Developing a digital platform to deliver family intervention for psychosis
The World Health Organization ranks psychotic disorders as the third most disabling health condition worldwide. Eleven million Americans will experience psychosis during their lifetime, and roughly 60 million Americans have a loved one affected by psychosis. Research affirms that psychotherapeutic interventions can help family caregivers develop skills to better connect and communicate with their loved one, which corresponds to better treatment engagement, symptom improvement, fewer hospitalizations, improved functioning, reduced substance use, reduced mortality and overall improvement in quality of life for the individual with psychosis. Family interventions are therefore critical to a holistic and effective clinical response to a psychotic disorder. Nevertheless, a recent federal investigation found that fewer than 2% of US families caring for someone with psychosis had received a family intervention for psychosis.
Psychosis REACH (Recovery by Enabling Adult Carers at Home) is a family intervention for psychosis co-developed by faculty in the UW Department of Psychiatry and Behavioral Sciences that delivers psychoeducation and illness management skills training to family caregivers in the community. To enhance broad and equitable access to tens of millions of families and caregivers, this project will develop “Psychosis iREACH,” a digital platform that uses Artificial Intelligence (AI) technology to deliver Psychosis REACH to diverse families navigating psychosis. A virtual coach will assist families to access self-management skills practice, automated self-assessment, tailored training goals and individualized learning trajectories whenever and wherever families need the support.

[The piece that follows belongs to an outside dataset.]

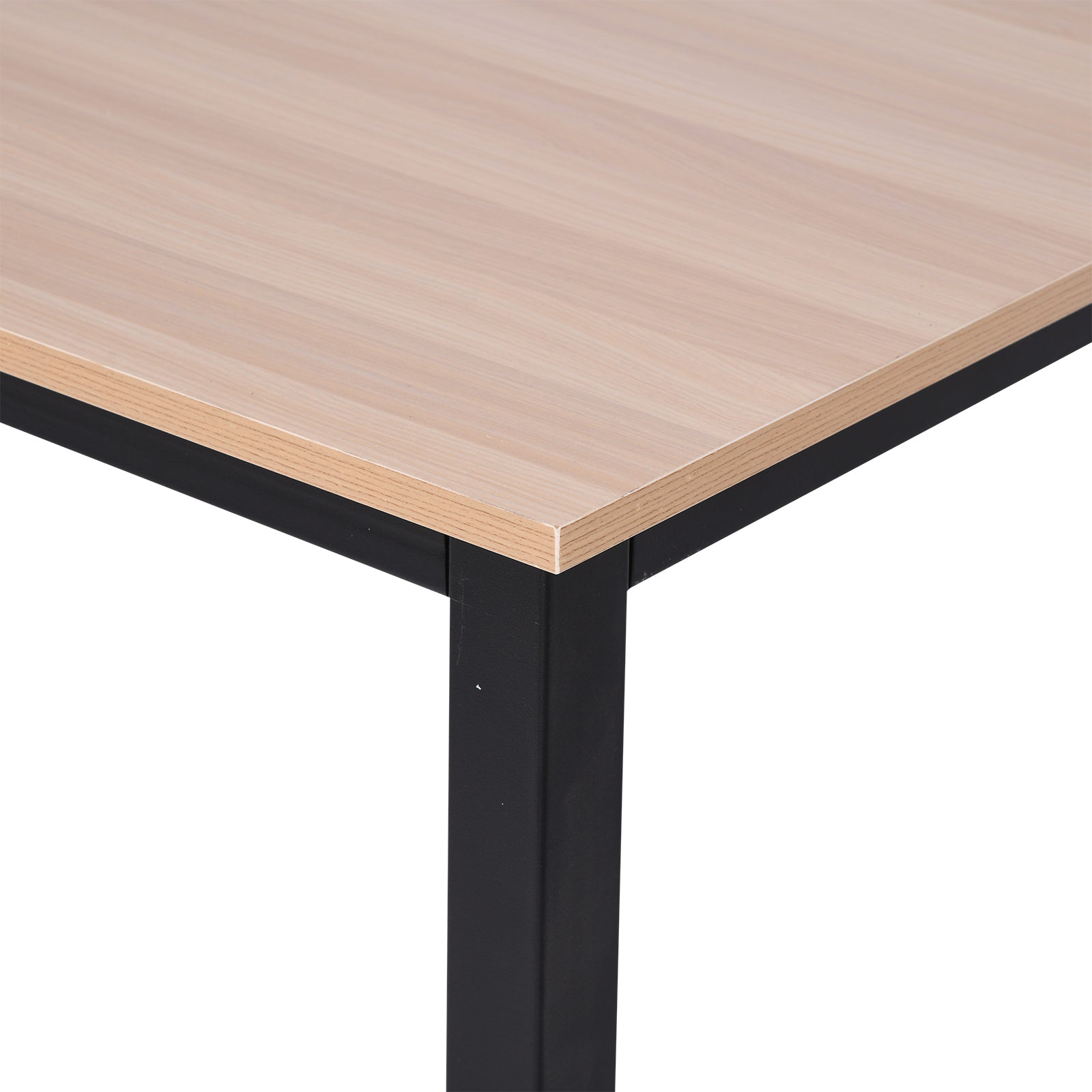 HOMCOM Computer Desk, Writing Table, 120 x 60 x 76cm Workstation for Home Office, Study with Metal Frame, Simple Assembly, Black - North Peak Garden Furniture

Psychosis iREACH represents a multidisciplinary collaboration among faculty in the School of Medicine, School of Nursing and School of Science, Technology, Engineering & Mathematics.

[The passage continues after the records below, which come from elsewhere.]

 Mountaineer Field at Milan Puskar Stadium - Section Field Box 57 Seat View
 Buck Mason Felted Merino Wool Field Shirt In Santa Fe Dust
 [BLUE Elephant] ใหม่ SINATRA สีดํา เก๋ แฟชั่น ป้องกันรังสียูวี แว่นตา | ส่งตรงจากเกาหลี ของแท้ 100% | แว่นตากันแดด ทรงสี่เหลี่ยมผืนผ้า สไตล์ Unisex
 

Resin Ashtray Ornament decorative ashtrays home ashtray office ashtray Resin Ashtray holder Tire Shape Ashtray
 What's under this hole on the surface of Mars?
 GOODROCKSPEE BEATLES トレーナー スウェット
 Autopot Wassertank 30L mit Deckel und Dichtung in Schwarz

Harnessing the ECHO Model to help Washingtonians with Traumatic Brain Injury (TBI)
Traumatic brain injury (TBI) is a major cause of disability in Washington state and throughout the US. TBI increases the risk and complexity of multiple behavioral health conditions including post traumatic stress disorder, depression, anxiety, irritability, anger/aggression, substance misuse and cognitive impairment. In addition, TBI impairs a person’s ability to manage their health care and increases the risk of unemployment, long-term functional impairment, and caregiver burnout. Successful TBI recovery can depend in large part on access to and engagement in behavioral health treatment. Unfortunately, TBI-focused community resources are scarce and fragmented. Treatment of post-TBI symptoms often falls to community providers who have little support and are under-prepared to manage these complexities. This burden disproportionally affects rural providers who have little access to specialist care at academic centers.

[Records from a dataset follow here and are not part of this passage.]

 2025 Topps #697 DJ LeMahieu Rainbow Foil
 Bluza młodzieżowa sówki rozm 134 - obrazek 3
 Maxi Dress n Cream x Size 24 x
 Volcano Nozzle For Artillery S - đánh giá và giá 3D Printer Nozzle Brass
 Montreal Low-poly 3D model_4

The purpose of this project is to create and assess the use of the ECHO (Extension for Community Healthcare Outcomes) model to provide education and support by experienced TBI experts to community providers who treat persons with TBI. The ECHO model uses both a virtual educational lecture series and patient case discussion to improve provider preparedness to treat patients and improve patient outcomes. We will launch a monthly to bi-monthly program that will train providers from a variety of disciplines and settings in identification and evidence-based behavioral health treatments, web technologies and mobile technologies, and provide detailed case consultation. We will assess the success, reach and impact of our TBI ECHO by collecting and comparing attendee experiences, clinical information and patient outcomes.
This project received two years of additional funding from the Washington State Department of Social and Health Services.